MIT’s Neil and Jane Pappalardo Professor of Mechanical Engineering Alexander Slocum, who presented on various technologies including floating wind turbines that store energy, agreed. “All of us run very flat organizations where the freshman is encouraged to ask the herr doktor professor, ‘Why is that so? That doesn’t make any sense,’” he said.
The John F. Elliott Professor of Materials Chemistry Donald Sadoway, who presented on liquid metal batteries, said the students encourage professors to think bigger: “A lot of the motivation for tackling important causes has come from the students. Young people today are interested in careers with meaning….They ask us to work on problems that have huge impacts. They want to know, ‘What is the ripple effect?’ And that triggers me to look for tougher problems.”
Once these students graduate, they go out into the world and make a difference, said MIT School of Engineering’s Associate Dean for Innovation Vladimir Bulović, who presented on transparent solar cells. “Universities have two products: knowledge and people, and our best product is people. [Alumni] are the best thing we make,” he said.
Bulović noted that IHS CERAWeek was a homecoming of sorts, with more than 100 MIT alumni and board members from the MIT South Texas Club attending the Thursday night keynote dinner. Also, former MIT Energy Initiative Director and current Secretary of Energy for the United States Ernest Moniz delivered the Wednesday luncheon address, and MIT alumnus Ben Bernanke PhD 1979 gave the conference’s closing address, in which he talked about the influence of his early days studying the economics and regulation of natural gas at MIT.

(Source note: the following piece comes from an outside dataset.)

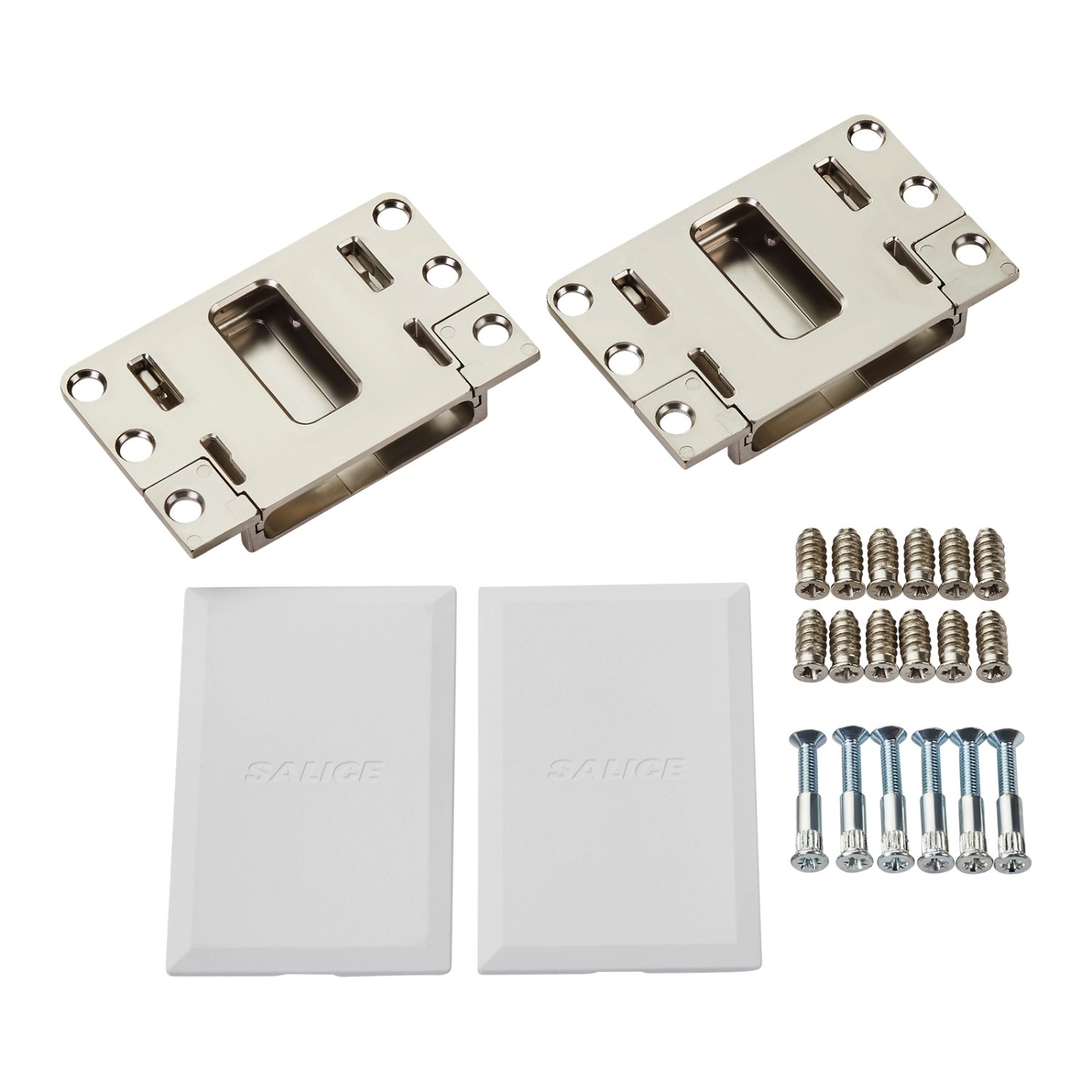 SALICE 1 Paar Conecta Aufnahmetaschen 134937 Nickel Matt für Seitenstärke Mindestens 25 mm SALICE 1 Paar Conecta Aufnahmetaschen 134937 Nickel Matt für Seitenstärke Mindestens 25 mm von Salice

While “A Glimpse Over the Horizon” focused on the important role of universities in driving innovation, a dinner on Wednesday considered the significant challenges involved in moving innovations out of the lab and into the marketplace. Among those attending the MIT-hosted dinner were MIT Sloan School of Management’s Donald Lessard and Thomas Malone, Siemens Energy CEO Randy Zwirn, President of Chevron Technology Ventures Barbara Burger, and Schneider Electric CEO Jean-Pascal Tricoire. The event explored the role of collective intelligence and crowd sourcing; changing models for innovation; the shifting roles of companies, universities, and public and private capital; and strategies to more effectively identify and scale up next-generation breakthrough energy technologies
The need for universities to collaborate with industry was a main topic of both the Wednesday dinner and Thursday keynote panel.
“Our job often ends up being to discover and to train,” said Bulović. “The discovery can be done even better when we work with industry…Those are the best connections to the real world because we finally are able to understand what it is that the company needs and what it is that we can solve for them. I’m convinced from what I’ve seen from my 14 years at MIT that we can solve any problem. We just need to know what the problem is.”

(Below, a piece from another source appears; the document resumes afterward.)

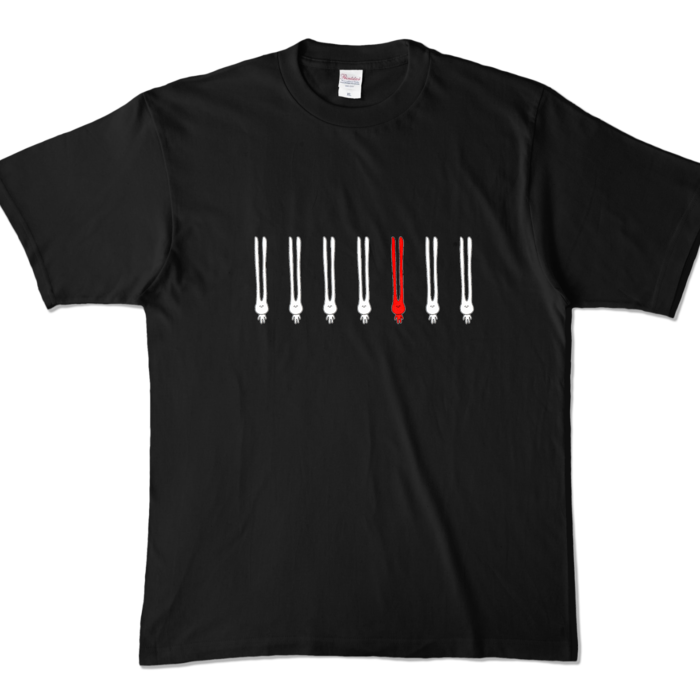 カラーTシャツ - XL - ブラック (濃色)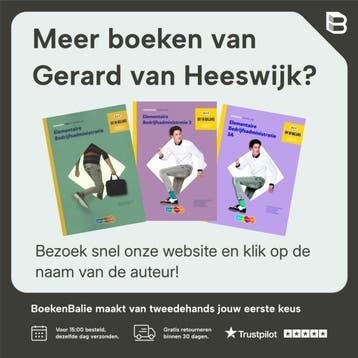 Boekhouden voor het hbo deel 1. Theorieboek 9789024424788, Verzenden, Gelezen, Gerard van Heeswijk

Because of industry’s important role in helping researchers design technologies that are more competitive in the marketplace, MITEI made industry collaboration a founding principle–one based on a long tradition at MIT of working with industry. With this help from industry, MIT has developed a culture of turning technologies into products. The four researchers from the Thursday panel alone have founded seven start-ups and hold more than 200 patents.
MIT researchers also gave their expert insight and analysis on several panels throughout the week. The researchers and their presentation topics include the following: MIT Institute Professor John Deutch: shale gas and associated environmental concerns; MITEI Director of Research and Analysis Francis O’Sullivan: public attitudes toward unconventional oil and gas activity; MITEI researcher Daniel Cohn: competition between gas and oil for transportation; and Acting Director of Engineering Division Systems Munther Dahleh: mitigating operational risks and building resiliency within the energy supply chain.
This article appears in the Spring 2014 issue of Energy Futures.